Grace Kelly was born in Philadelphia in 1928. Her grandfather had left Ireland in 1867 and she was the daughter of a wealthy Irish businessman who made his money in the building industry. Her parents, although ‘serious people’, were broadminded and were happy with whatever career Grace chose.
White gloves
Initially, she trained at the American Academy of Dramatic Arts. Like James Dean and Steve McQueen, she did television work before turning to Broadway. Her film debut was in Fourteen Hours in 1951 and she caused some surprise when she turned up for her interview with MGM wearing white gloves.
Her subsequent film career was short, but highly successful. She was in and out of Hollywood in just six years. Her big break came in 1951 with High Noon, directed by Stanley Kramer.
Between 1951 and 1955, she appeared in 11 films, usually as a cool, elegant ‘beauty’.
When Alfred Hitchcock came on the scene, looking for a successor to Joan Fontane and Ingrid Bergman, she made three masterpieces with him. As she said later: “Hitch taught me everything.”
‘Hitch’ was born in London in 1899 and moved to Hollywood in 1939. He specialised in the suspense thriller, in which he often appeared, briefly and wordlessly. Hitchcock’s greatest works were Rear Window, Vertigo, The Birds and To Catch a Thief.
High class
In three of Hitchcock’s films, Grace Kelly had memorable scenes that were suggestive of high class. For his contribution to film, Hitchcock was knighted in 1980, the year of his death. Grace Kelly was perceived as articulate and graceful. She played the Quaker wife opposite Gary Cooper in High Noon, directed by Fred Zinnerman. She also starred with Ray Milland in the diabolical Dial M for Murder.
She was excellent opposite James Stewart, encased in plaster, in Rear Window. And she dealt with Cary Grant in a regal manner in the comedy-detective story, To Catch a Thief, filmed on Monaco’s doorstep on the French Riviera.

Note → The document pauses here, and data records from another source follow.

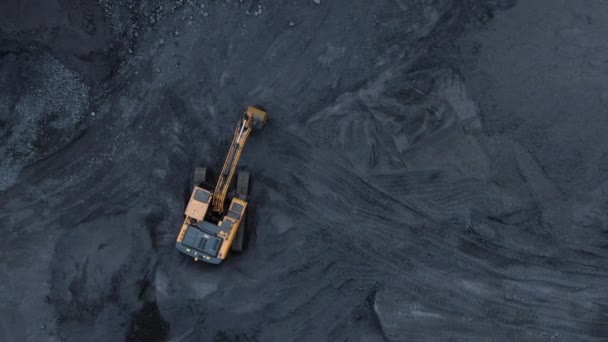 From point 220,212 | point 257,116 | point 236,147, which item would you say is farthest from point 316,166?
point 220,212

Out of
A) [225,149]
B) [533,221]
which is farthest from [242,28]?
[533,221]

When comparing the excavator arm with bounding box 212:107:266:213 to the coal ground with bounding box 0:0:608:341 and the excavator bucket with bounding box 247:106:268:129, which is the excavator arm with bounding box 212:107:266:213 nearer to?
the excavator bucket with bounding box 247:106:268:129

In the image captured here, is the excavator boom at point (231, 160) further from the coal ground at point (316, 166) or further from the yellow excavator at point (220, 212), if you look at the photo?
the coal ground at point (316, 166)

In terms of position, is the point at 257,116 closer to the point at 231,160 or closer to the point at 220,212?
the point at 231,160

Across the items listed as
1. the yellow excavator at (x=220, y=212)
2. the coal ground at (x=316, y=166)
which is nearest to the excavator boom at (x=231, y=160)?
the yellow excavator at (x=220, y=212)

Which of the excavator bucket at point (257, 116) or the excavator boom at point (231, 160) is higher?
the excavator bucket at point (257, 116)

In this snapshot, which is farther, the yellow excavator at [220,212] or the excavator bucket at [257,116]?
the excavator bucket at [257,116] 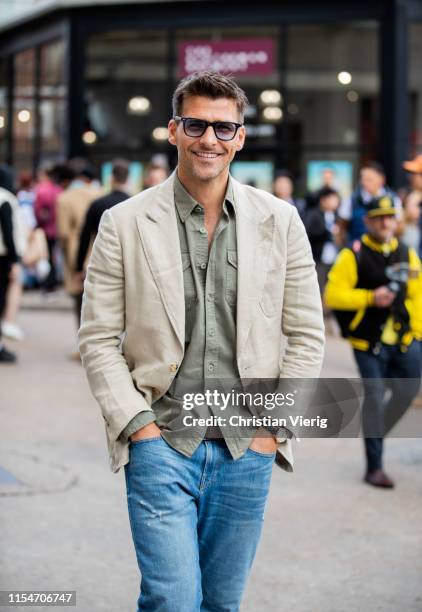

The most important actor in the history of cinema, Cary Grant was a box-office draw for thirty years. He was born in Bristol and initially worked with a troupe of acrobats and jugglers, until moving to America in 1920. A suave, debonair performer, he specialised in sophisticated, light comedy, opposite actresses like Grace Kelly.
He retired from the screen in 1966 and was given a special Oscar, in 1970, for his unique mastery of screen acting. Grace Kelly’s last film was High Society, with Frank Sinatra and Bing Crosby, for MGM.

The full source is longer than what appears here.